Readers, bewildered by campaign complexities and uneasy about getting duped by undeliverable promises, have been asking for a concise summary. So here’s mine for what it’s worth. You can boil the general election down to three critical national questions;
- Who is best to renegotiate the bailout deal?
- How do we bridge the remaining €10 bn deficit- tax or spending cuts?
- Who is least likely to make a pigs breakfast of it?
Who is Best to Renegotiate?
With the exception of Sinn Fein, all parties are in favour of a renegotiated deal – even if Gilmore’s unwise bravado masks it for Labour. Sinn Fein on the other hand has a novel idea, much like Jim Jones had with The People’s Temple. See below.
How the hell do we get out of this hole fastest?
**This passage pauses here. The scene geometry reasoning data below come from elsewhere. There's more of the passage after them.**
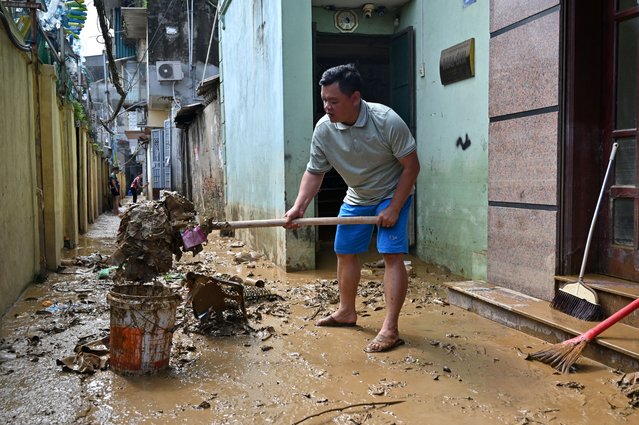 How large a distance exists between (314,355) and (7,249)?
313cm

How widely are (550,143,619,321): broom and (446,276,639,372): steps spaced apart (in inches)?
1.9

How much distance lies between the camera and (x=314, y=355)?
11.8ft

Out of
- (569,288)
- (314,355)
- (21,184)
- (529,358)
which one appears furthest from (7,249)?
(569,288)

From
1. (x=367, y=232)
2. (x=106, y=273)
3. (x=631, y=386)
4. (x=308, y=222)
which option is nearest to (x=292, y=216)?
(x=308, y=222)

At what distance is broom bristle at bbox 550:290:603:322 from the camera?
142 inches

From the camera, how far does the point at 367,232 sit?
409 centimetres

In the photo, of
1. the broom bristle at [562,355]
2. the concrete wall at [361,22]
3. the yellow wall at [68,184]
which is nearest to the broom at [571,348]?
the broom bristle at [562,355]

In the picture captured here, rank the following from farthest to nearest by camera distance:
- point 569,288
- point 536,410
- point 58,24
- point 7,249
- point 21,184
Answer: point 58,24 < point 21,184 < point 7,249 < point 569,288 < point 536,410

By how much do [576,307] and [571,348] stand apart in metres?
0.61

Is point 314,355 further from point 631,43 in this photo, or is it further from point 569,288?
point 631,43

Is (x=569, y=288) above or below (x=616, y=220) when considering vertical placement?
below

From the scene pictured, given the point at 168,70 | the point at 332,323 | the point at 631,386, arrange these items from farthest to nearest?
the point at 168,70 → the point at 332,323 → the point at 631,386

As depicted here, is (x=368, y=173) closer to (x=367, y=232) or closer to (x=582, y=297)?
(x=367, y=232)

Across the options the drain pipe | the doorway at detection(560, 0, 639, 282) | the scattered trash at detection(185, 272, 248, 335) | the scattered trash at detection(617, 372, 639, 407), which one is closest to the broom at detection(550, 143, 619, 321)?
the doorway at detection(560, 0, 639, 282) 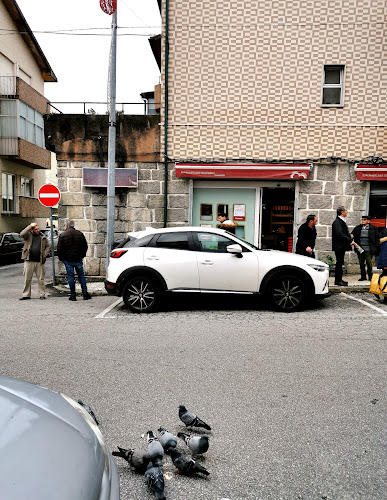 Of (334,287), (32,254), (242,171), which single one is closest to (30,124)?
(32,254)

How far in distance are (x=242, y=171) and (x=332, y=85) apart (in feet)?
11.0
That depends on who is first prepared to swallow the political poison of shrinking the State to fit the undersized economy. Nobody wants to admit that, just like in Russian Roulette where you eventually blow out your brains, you cannot dig your way out of a deficit hole by jacking up tax on consumers without ruining the economy. It’s really simple. Every Euro we fail to trim off optional spending must be recovered from consumers in increased taxes. More taxes, whether a super income tax rate, site tax or water tax, means digging the hole deeper – yet all parties are committing to do so. Better to keep rolling the barrel and then blame the messy outcome on the Huns and Frogs or on conspiracies. People love conspiracies. Just ask Elvis.
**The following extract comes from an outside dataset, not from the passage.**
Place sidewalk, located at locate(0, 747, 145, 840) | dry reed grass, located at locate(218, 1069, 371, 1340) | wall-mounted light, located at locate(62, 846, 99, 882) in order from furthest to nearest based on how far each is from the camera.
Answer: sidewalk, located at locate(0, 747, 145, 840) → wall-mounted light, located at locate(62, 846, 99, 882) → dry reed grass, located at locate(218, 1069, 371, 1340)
Who is least likely to make a pigs breakfast of it?
You can’t trust any political party gripped by election fever to do what its promises - but some are clearly better positioned, less compromised by ideology, less captive to vested interests and less certain of being in opposition from where you can safely promise just about anything - eternal life, a six pack tummy, a new bum.
Promise to give back the bailout money and go it alone for a year. No plan to deal with the subsequent bank collapse, ATM closure and food riots. Sinn Fein also want lots of cash from non-supporters from all their investment assets - including collapsed property values and bank shares. Well, at least it’s daylight robbery.
Want to write up an entirely new deal with EU members to stretch out the Irish depression to 2016 by borrowing €5 billion more and imposing higher income taxes on nervous spenders with incomes just over TD levels. Eamon Gilmore reckons he’ll convince the IMF/EU/ECB with the argument he failed to sell to TV3 viewers Tuesday night.
Promise to continue with the existing strategy and protect its legacy by proving it works. Relies more on spending cuts and less on taxes for the remaining €10 billion. So far Fianna Fail mostly raised taxes. Also plans innovative Dail reform but its radicalism appears to be a function of the distance from its next time in office.
Promises no more income tax increases unless a recovering economy can bear it. Remaining deficit to be closed on a ratio of €2 cuts to €1 taxes. Relying on exploiting shifts it believes are opening in the EU to renegotiate. Has a strategy to regenerate and redirect semi-states in energy, water and broadband by getting State owned companies to borrow for expansion.
Doesn’t matter. Not enough are likely to be elected to make any difference.
Depends on whether a late Fine Gael surge edges it towards a single party government. Then, new independent TDs with business, economic and finance competencies like Ross and Summerville will be pivotal.
Any late Game Changers?
Funny you should ask that. Another €870 million needs to be added to the gap we are required to close in the annual deficit, if Alan Dukes is to be believed. That's the interest repayment at 5.8% on his estimate of the additional capital requirement of €15 billion to shore up even greater toxic loans losses than had been previously calculated by the experts.
The Department of Finance hotly disagrees -small wonder given the resounding criticism of its propensity to continuously underestimate bank loses. Thing is, without access to the underlying data we simply don't know who is right but what's odd is that the Anglo Irish Bank public interest director has chosen to issue the data publicly. If Dukes is correct this is a game changer in the renegotiation of the bailout fund, driving the total debt beyond the point even the most ardent German right winger can expect us to service. It also dramatically alters the political debate by questioning the relevance of the four year plan to get the deficit down to 3% of GDP.
There isn’t any doubt but Ireland cannot carry the debt burden without buckling and defaulting. The excess debt we cannot carry will have to be moved to a common E-Bond supported by all Eurozone Governments and bondholders must be forced to whistle for their guarantee. That’s a job for skilled diplomats like Pat Cox and John Bruton with tons of European experience and not table thumpers- IMHO.